R2 UI Assistant Service; C:\Program Files\Join Air\AssistantServices.exe [241664 2009-08-31] ()
S3 GenericMount Helper Service; "C:\Program Files\Norton Ghost\Shared\Drivers\GenericMountHelper.exe" [x]
S3 SymSnapService; "C:\Program Files\Norton Ghost\Shared\Drivers\SymSnapService.exe" [x]
==================== Drivers (Whitelisted) ====================
R2 avgntflt; C:\Windows\System32\DRIVERS\avgntflt.sys [88840 2013-09-10] (Avira Operations GmbH & Co. KG)
R1 avipbb; C:\Windows\System32\DRIVERS\avipbb.sys [136672 2013-09-10] (Avira Operations GmbH & Co. KG)
R1 avkmgr; C:\Windows\System32\DRIVERS\avkmgr.sys [37352 2013-08-31] (Avira Operations GmbH & Co. KG)
R0 CLFS; C:\Windows\System32\CLFS.sys [249408 2009-07-14] (Microsoft Corporation)
S3 GenericMount; C:\Windows\System32\DRIVERS\GenericMount.sys [57840 2010-02-12] (Symantec Corporation)
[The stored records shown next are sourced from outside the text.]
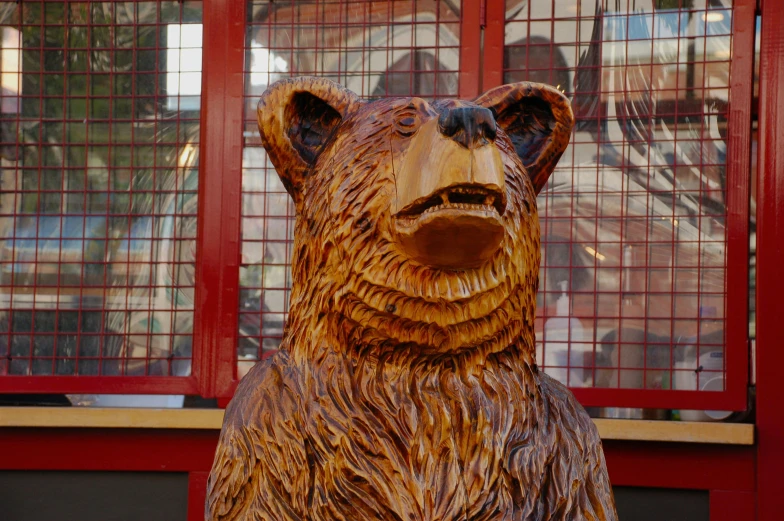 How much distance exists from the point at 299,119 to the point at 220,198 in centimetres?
237

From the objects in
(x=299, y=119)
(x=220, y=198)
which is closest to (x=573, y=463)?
(x=299, y=119)

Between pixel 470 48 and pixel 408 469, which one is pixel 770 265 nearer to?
pixel 470 48

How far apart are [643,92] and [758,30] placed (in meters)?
0.52

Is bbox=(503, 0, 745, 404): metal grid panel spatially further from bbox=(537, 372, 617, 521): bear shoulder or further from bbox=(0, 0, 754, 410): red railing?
bbox=(537, 372, 617, 521): bear shoulder

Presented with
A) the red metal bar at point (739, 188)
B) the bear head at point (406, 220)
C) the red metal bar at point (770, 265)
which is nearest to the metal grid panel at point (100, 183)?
the red metal bar at point (739, 188)

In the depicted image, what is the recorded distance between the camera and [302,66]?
3.96 m

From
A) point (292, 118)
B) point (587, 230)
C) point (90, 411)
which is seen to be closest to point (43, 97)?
point (90, 411)

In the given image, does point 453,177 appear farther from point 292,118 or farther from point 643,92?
point 643,92

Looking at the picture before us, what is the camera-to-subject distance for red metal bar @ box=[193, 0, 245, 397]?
12.9 feet

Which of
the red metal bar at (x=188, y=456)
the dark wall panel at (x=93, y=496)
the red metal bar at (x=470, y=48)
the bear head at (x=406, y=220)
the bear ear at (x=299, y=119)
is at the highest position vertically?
the red metal bar at (x=470, y=48)

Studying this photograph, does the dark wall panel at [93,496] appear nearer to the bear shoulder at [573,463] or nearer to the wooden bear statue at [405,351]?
the wooden bear statue at [405,351]

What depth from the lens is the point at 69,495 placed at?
4066 mm

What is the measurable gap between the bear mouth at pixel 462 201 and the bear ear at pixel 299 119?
1.11 feet

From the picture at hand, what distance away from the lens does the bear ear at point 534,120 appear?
1703 millimetres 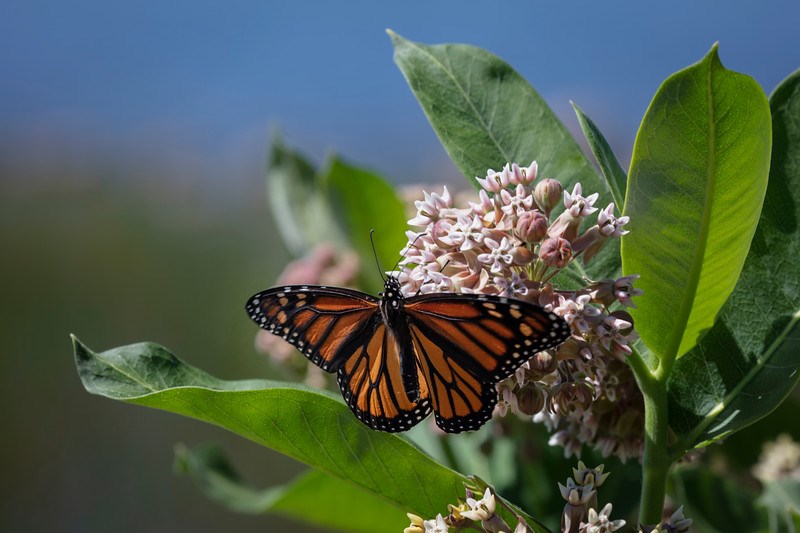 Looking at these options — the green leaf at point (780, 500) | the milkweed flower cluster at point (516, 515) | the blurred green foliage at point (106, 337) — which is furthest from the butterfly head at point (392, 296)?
the blurred green foliage at point (106, 337)

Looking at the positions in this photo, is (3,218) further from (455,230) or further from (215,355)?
(455,230)

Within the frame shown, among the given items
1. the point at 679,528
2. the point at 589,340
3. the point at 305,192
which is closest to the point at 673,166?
the point at 589,340

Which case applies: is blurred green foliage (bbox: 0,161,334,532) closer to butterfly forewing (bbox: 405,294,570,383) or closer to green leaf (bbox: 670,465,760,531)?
green leaf (bbox: 670,465,760,531)

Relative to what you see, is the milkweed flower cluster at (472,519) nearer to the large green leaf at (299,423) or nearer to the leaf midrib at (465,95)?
the large green leaf at (299,423)

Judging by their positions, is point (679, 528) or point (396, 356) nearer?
point (679, 528)

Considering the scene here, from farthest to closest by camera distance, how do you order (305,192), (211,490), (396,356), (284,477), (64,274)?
(64,274) → (284,477) → (305,192) → (211,490) → (396,356)

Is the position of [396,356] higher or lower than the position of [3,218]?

R3 MBAMProtector; C:\Windows\system32\drivers\mbam.sys [22856 2013-04-04] (Malwarebytes Corporation)
R3 SbieDrv; C:\Program Files\Sandboxie\SbieDrv.sys [157776 2012-08-25] (SANDBOXIE L.T.D)
S4 sptd; C:\Windows\System32\Drivers\sptd.sys [436792 2011-05-30] (Duplex Secure Ltd.)
R1 ssmdrv; C:\Windows\System32\DRIVERS\ssmdrv.sys [28520 2013-08-31] (Avira GmbH)
S3 ss_bbus; C:\Windows\System32\DRIVERS\ss_bbus.sys [98432 2009-09-19] (MCCI)
S3 ss_bmdfl; C:\Windows\System32\DRIVERS\ss_bmdfl.sys [14848 2009-09-19] (MCCI Corporation)
S3 ss_bmdm; C:\Windows\System32\DRIVERS\ss_bmdm.sys [123648 2009-09-19] (MCCI Corporation)
S3 catchme; \??\C:\Users\Samira\AppData\Local\Temp\catchme.sys [x]
S3 Synth3dVsc; System32\drivers\synth3dvsc.sys [x]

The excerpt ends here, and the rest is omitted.